● **RECORDS PROVIDED**:
^^^^^^^^^^^^^^^^

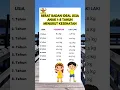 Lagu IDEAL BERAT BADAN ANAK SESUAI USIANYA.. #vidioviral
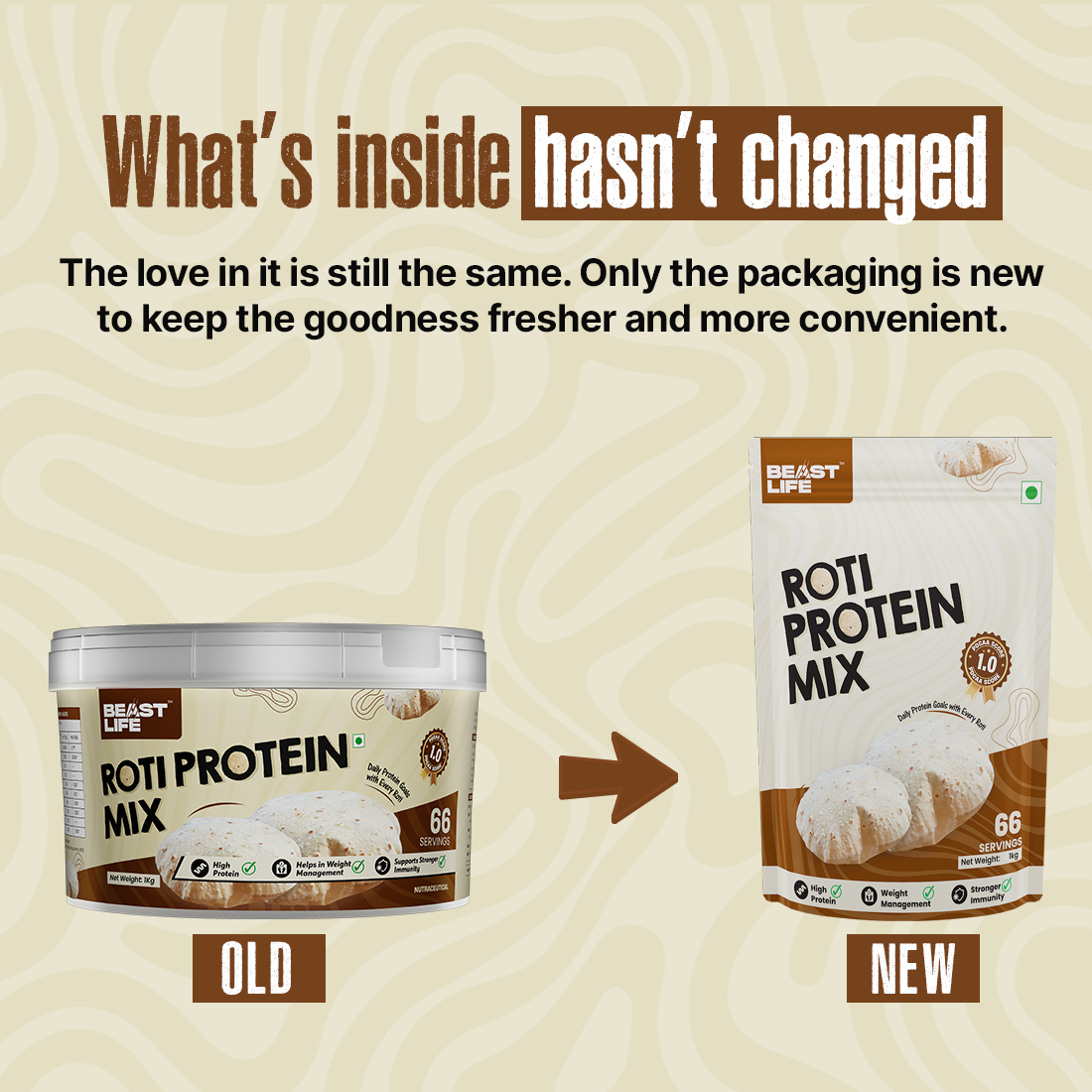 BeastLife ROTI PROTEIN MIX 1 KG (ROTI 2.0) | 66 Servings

^^^^^^^^^^^^^^^^

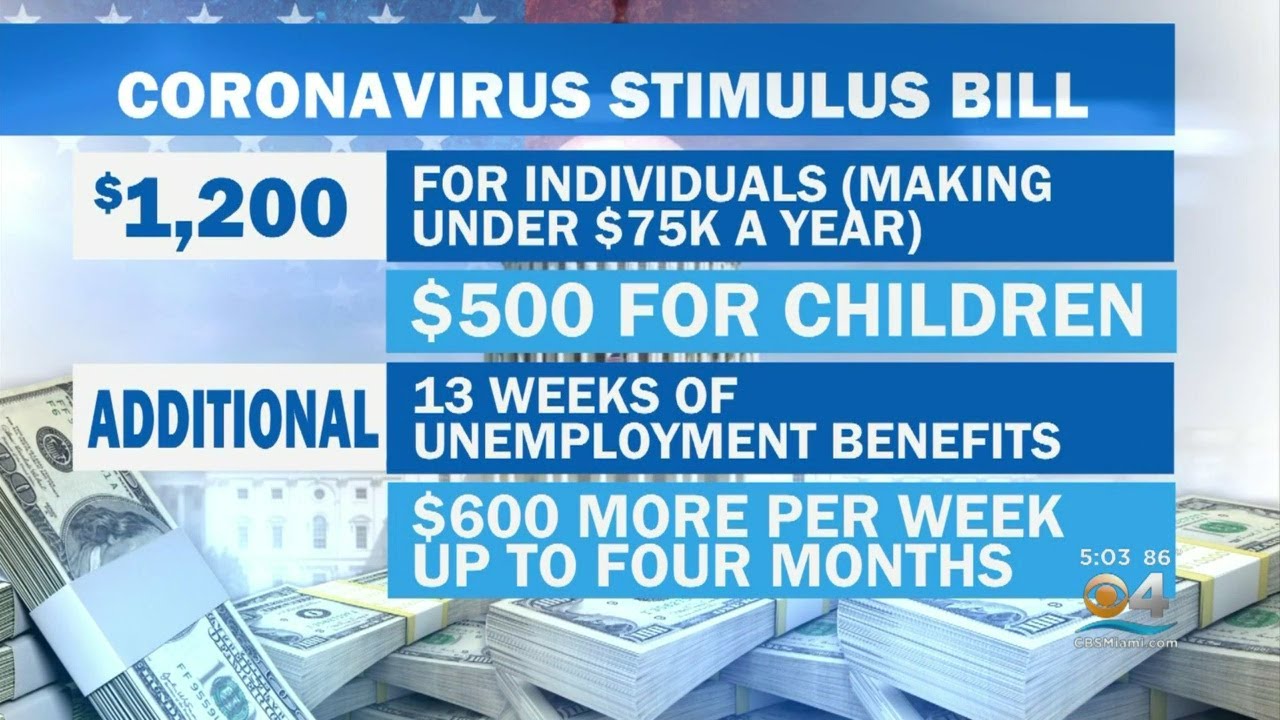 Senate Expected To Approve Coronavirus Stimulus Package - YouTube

^^^^^^^^^^^^^^^^

● **TASK DESCRIPTION**: Your answer should be the exact lines above from the one containing "Lagu IDEAL BERAT" through the one containing "BeastLife ROTI PROTEIN", with both end lines kept and the pictures removed, please.

● **RESULT**:
 Lagu IDEAL BERAT BADAN ANAK SESUAI USIANYA.. #vidioviral
 BeastLife ROTI PROTEIN MIX 1 KG (ROTI 2.0) | 66 Servings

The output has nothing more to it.